**WHAT YOU HAVE TO DO:** This exercise calls for all the entries that follow to be set down exactly, without their images.

------ THE RECORDS

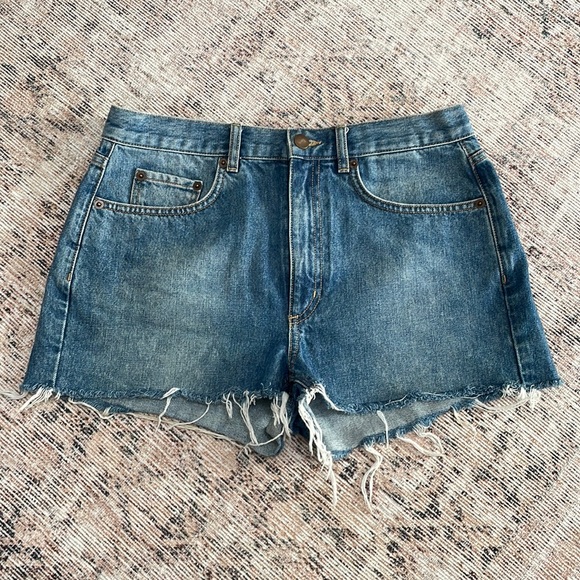 & Other Stories Cut Off Denim Shorts - Picture 1 of 4
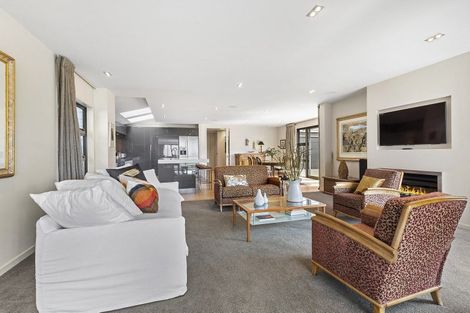 Photo of property in 160 Breaker Bay Road, Breaker Bay, Wellington, 6022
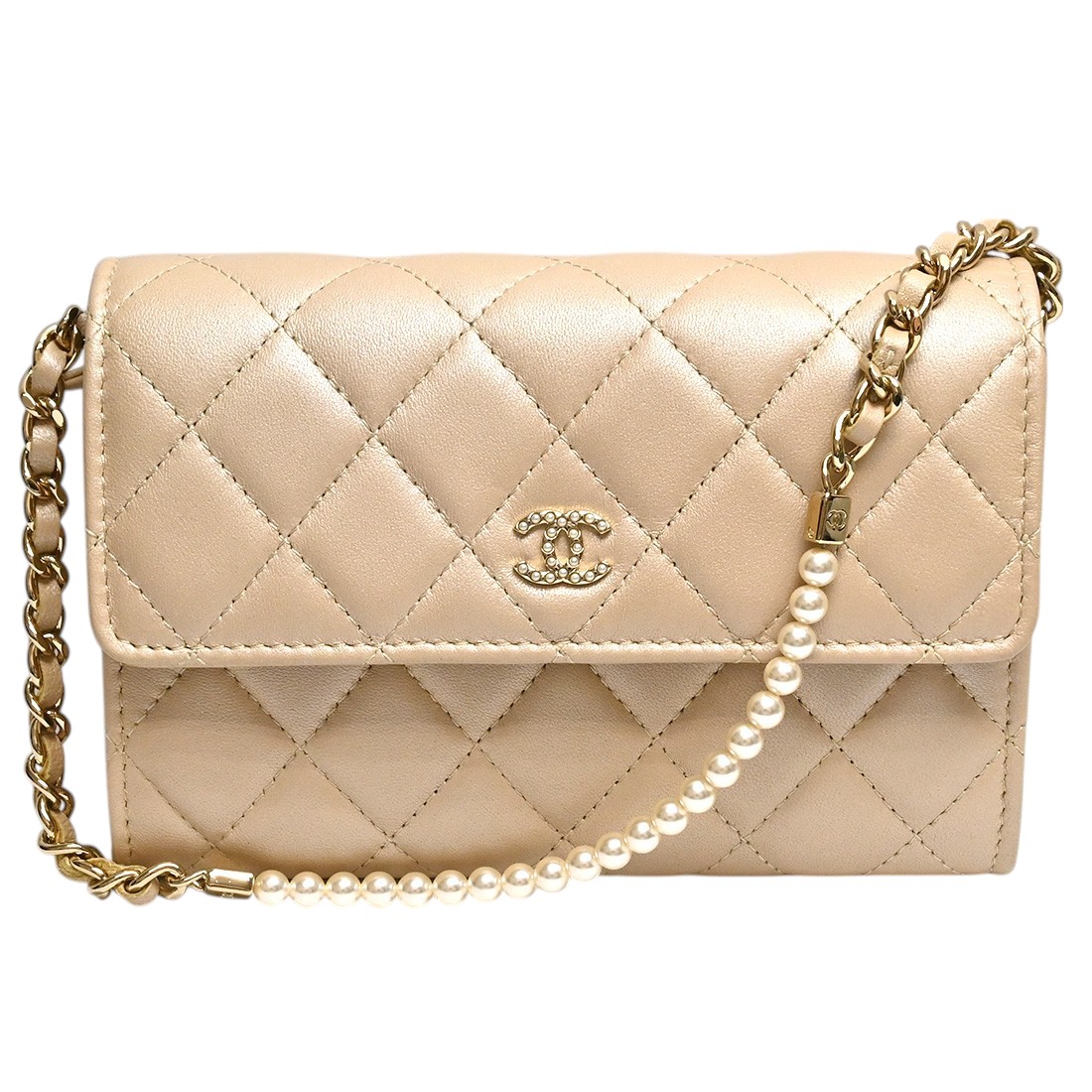 CHANEL【シャネル】チェーンウォレット　ラムスキン　ベージュ　マトラッセ　パール　財布　レディース【中古】【松戸】｜かんてい局伯楽三軒茶屋店　松戸店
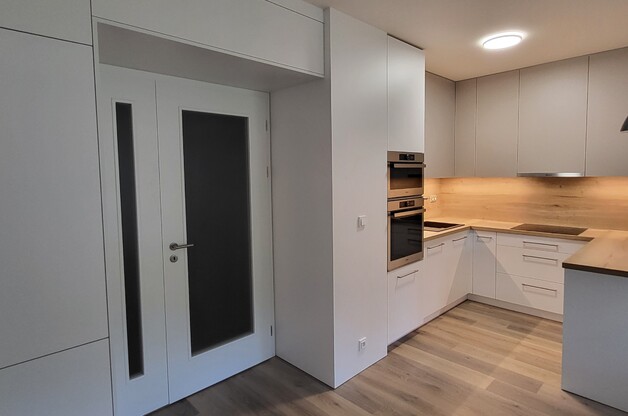 Světlá kuchyň s extra úložným prostorem (bílá W1100 st9, deska H1180) 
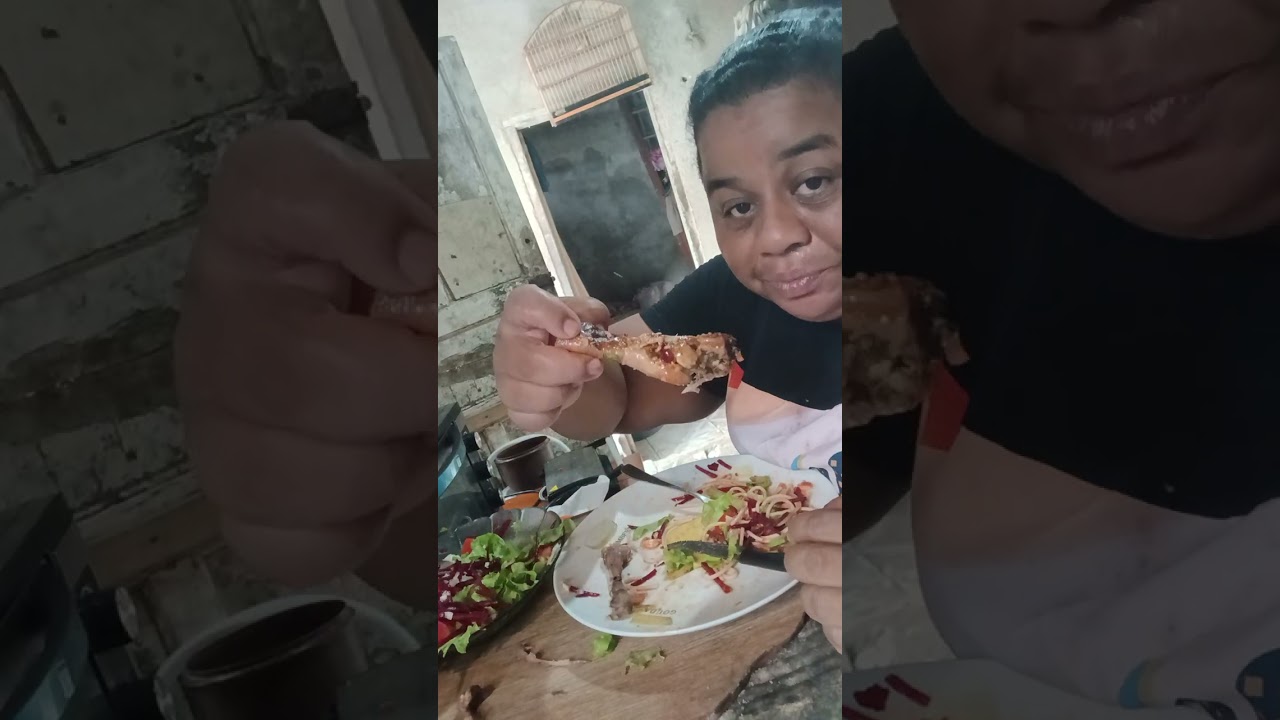 Frango  assado  macarrão  salada  se escreva no canal bgd 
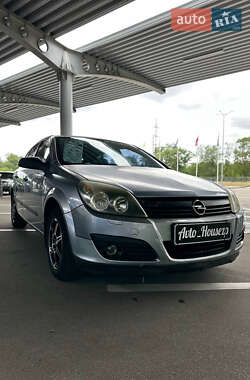 Хэтчбек Opel Astra 2007 в 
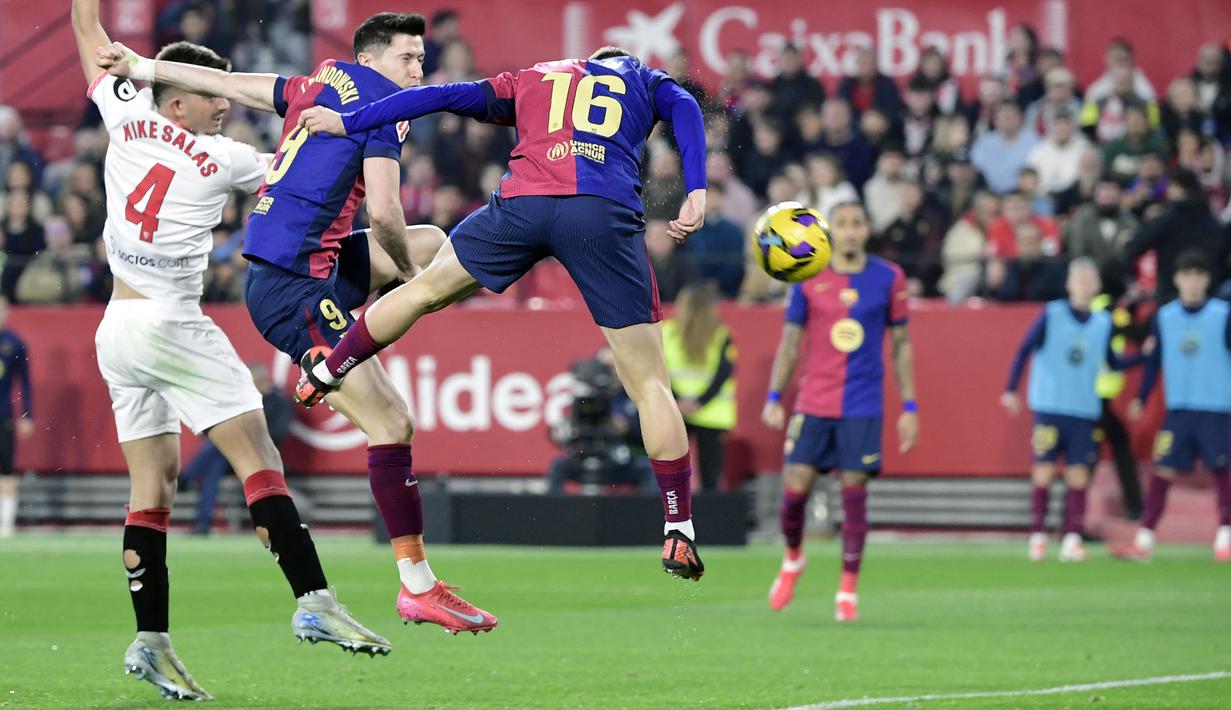 Pemain Barcelona, Fermin Lopez mencetak gol kedua timnya ke gawang Sevilla dalam laga lanjutan Liga Spanyol 2024/2025 di Ramon Sanchez Pizjuan Stadium, Sevilla, Spanyol, Senin (10/02/2025) dini hari WIB. (AFP/Cristina Quicler)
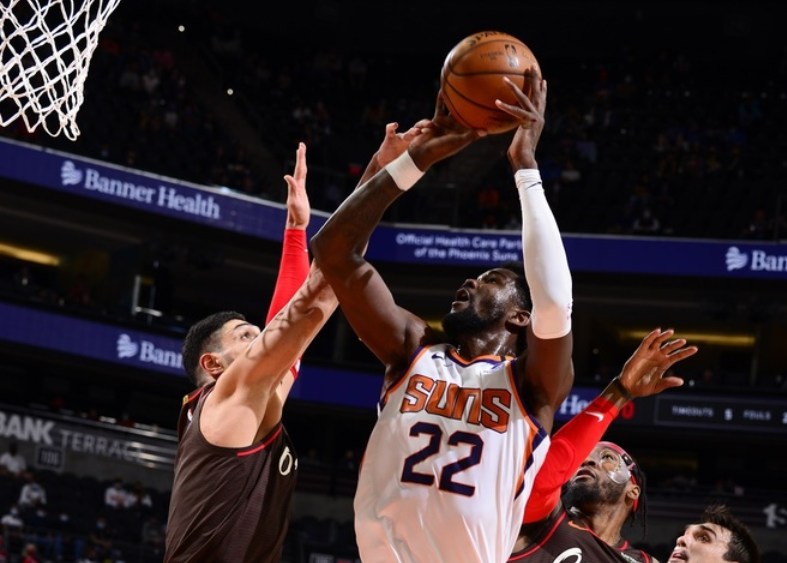 篮网队成功打破僵局,冲击总决赛 篮网队成功打破僵局,冲击总决赛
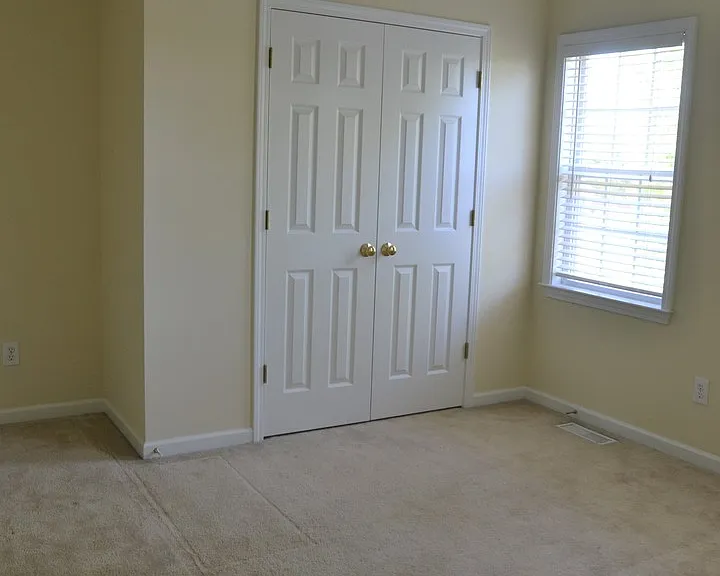 3895 Eagleston Ct — Photo 8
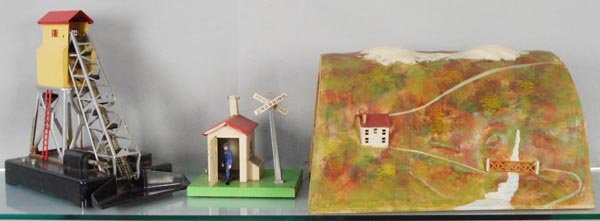 3 LIONEL ACCESSORIES (1 of 1)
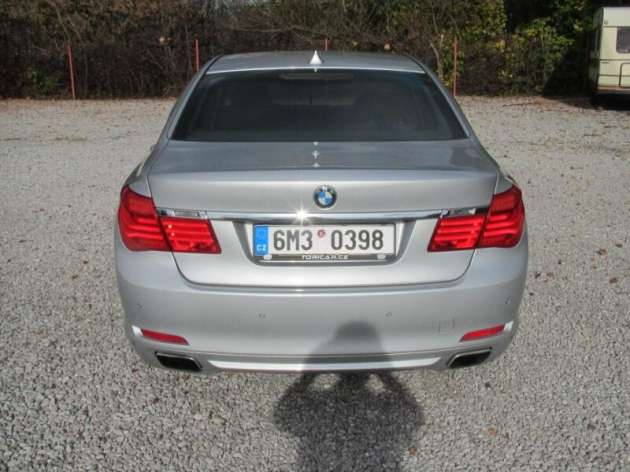 BMW Řada 7 740 i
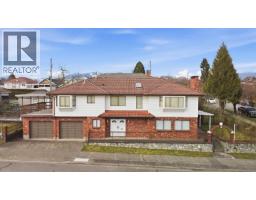 <div class="price">$2,199,990</div> 2693 E Georgia Street, Vancouver<br><div style="margin-bottom:8px;"><small>Engel & Volkers Vancouver</small></div><div class='bed_bath'>5 Bed | 2 Bath</div>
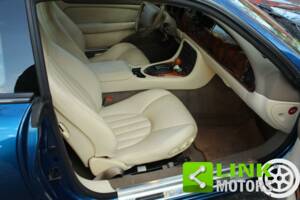 Image 10/16 of Jaguar XK8 4.0 (1997)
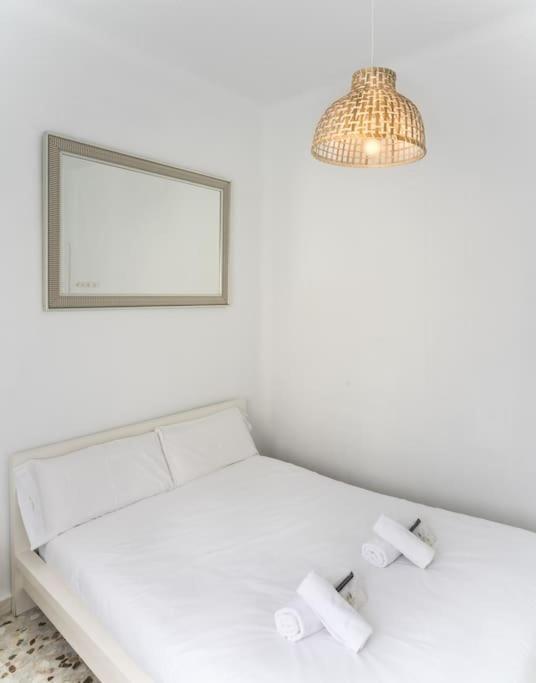 Atico Ispal Con Terraza En Centro Appartement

------------

**RESPONSE:**
 & Other Stories Cut Off Denim Shorts - Picture 1 of 4
 Photo of property in 160 Breaker Bay Road, Breaker Bay, Wellington, 6022
 CHANEL【シャネル】チェーンウォレット　ラムスキン　ベージュ　マトラッセ　パール　財布　レディース【中古】【松戸】｜かんてい局伯楽三軒茶屋店　松戸店
 Světlá kuchyň s extra úložným prostorem (bílá W1100 st9, deska H1180) 
 Frango  assado  macarrão  salada  se escreva no canal bgd 
 Хэтчбек Opel Astra 2007 в 
 Pemain Barcelona, Fermin Lopez mencetak gol kedua timnya ke gawang Sevilla dalam laga lanjutan Liga Spanyol 2024/2025 di Ramon Sanchez Pizjuan Stadium, Sevilla, Spanyol, Senin (10/02/2025) dini hari WIB. (AFP/Cristina Quicler)
 篮网队成功打破僵局,冲击总决赛 篮网队成功打破僵局,冲击总决赛
 3895 Eagleston Ct — Photo 8
 3 LIONEL ACCESSORIES (1 of 1)
 BMW Řada 7 740 i
 <div class="price">$2,199,990</div> 2693 E Georgia Street, Vancouver<br><div style="margin-bottom:8px;"><small>Engel & Volkers Vancouver</small></div><div class='bed_bath'>5 Bed | 2 Bath</div>
 Image 10/16 of Jaguar XK8 4.0 (1997)
 Atico Ispal Con Terraza En Centro Appartement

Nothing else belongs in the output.